## WHAT TO PRODUCE
Retype the line with "Contour Active Key - C8100 Medicinsk Tastatur Contour" exactly. Then retype every line after it through the end of the entries below, and nothing more, leaving out pictures.
· · · ·
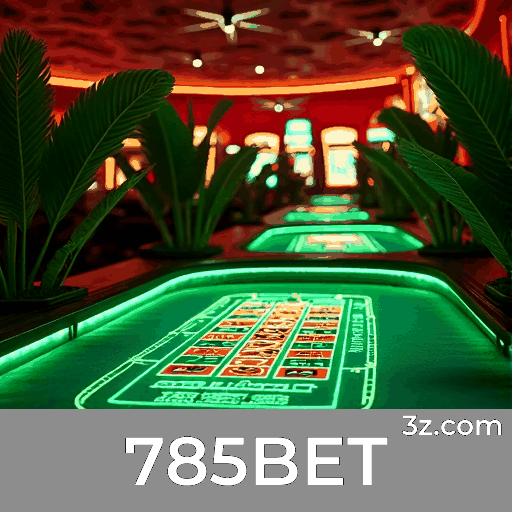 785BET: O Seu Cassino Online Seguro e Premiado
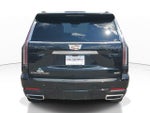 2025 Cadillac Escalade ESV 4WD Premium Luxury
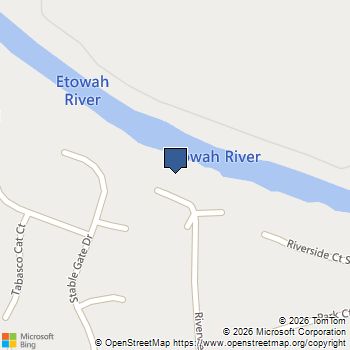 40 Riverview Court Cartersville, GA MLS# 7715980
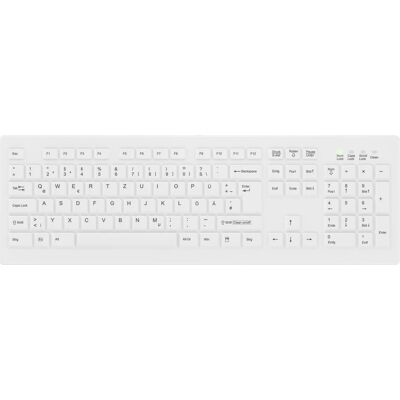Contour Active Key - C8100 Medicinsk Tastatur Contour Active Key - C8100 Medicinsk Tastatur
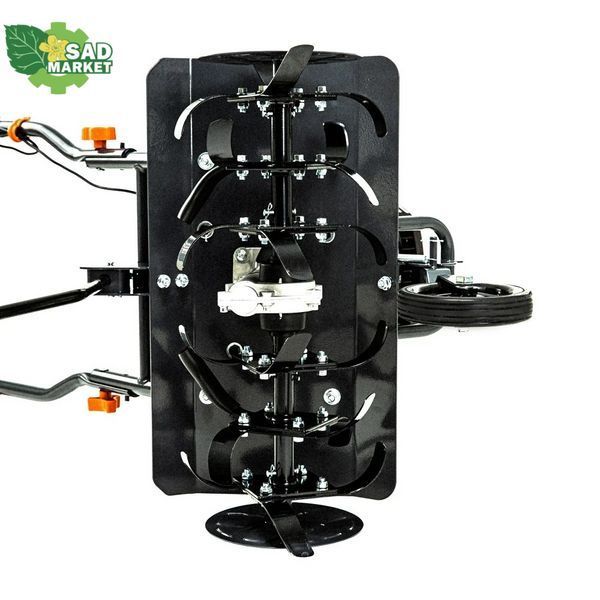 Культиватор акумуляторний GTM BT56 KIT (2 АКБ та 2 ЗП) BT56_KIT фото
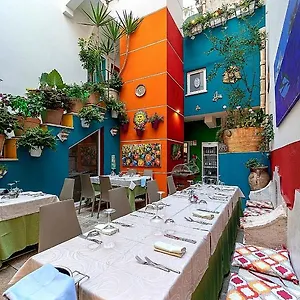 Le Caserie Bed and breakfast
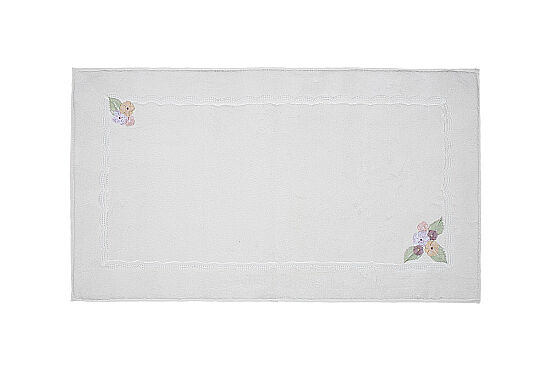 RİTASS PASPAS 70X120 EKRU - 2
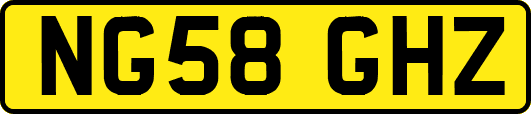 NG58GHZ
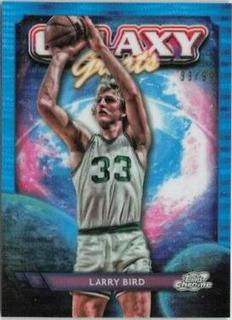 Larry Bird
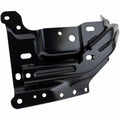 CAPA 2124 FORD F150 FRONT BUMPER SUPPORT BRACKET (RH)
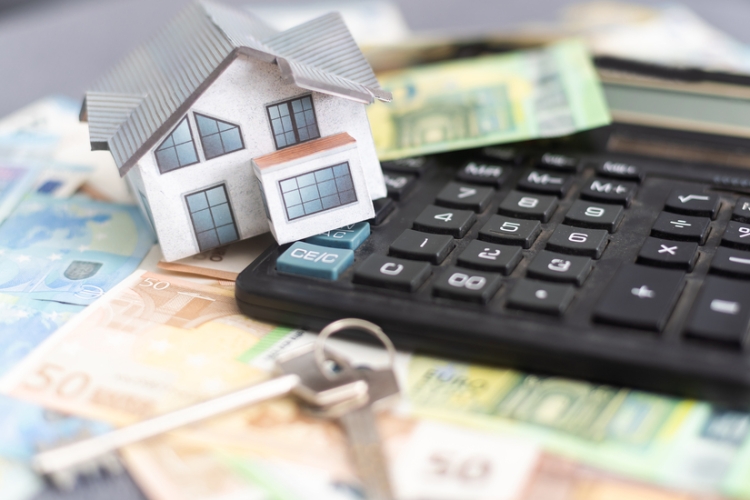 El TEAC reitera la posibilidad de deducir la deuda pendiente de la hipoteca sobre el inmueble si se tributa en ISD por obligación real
· · · ·
## SOLUTION BELOW
Contour Active Key - C8100 Medicinsk Tastatur Contour Active Key - C8100 Medicinsk Tastatur
 Культиватор акумуляторний GTM BT56 KIT (2 АКБ та 2 ЗП) BT56_KIT фото
 Le Caserie Bed and breakfast
 RİTASS PASPAS 70X120 EKRU - 2
 NG58GHZ
 Larry Bird
 CAPA 2124 FORD F150 FRONT BUMPER SUPPORT BRACKET (RH)
 El TEAC reitera la posibilidad de deducir la deuda pendiente de la hipoteca sobre el inmueble si se tributa en ISD por obligación real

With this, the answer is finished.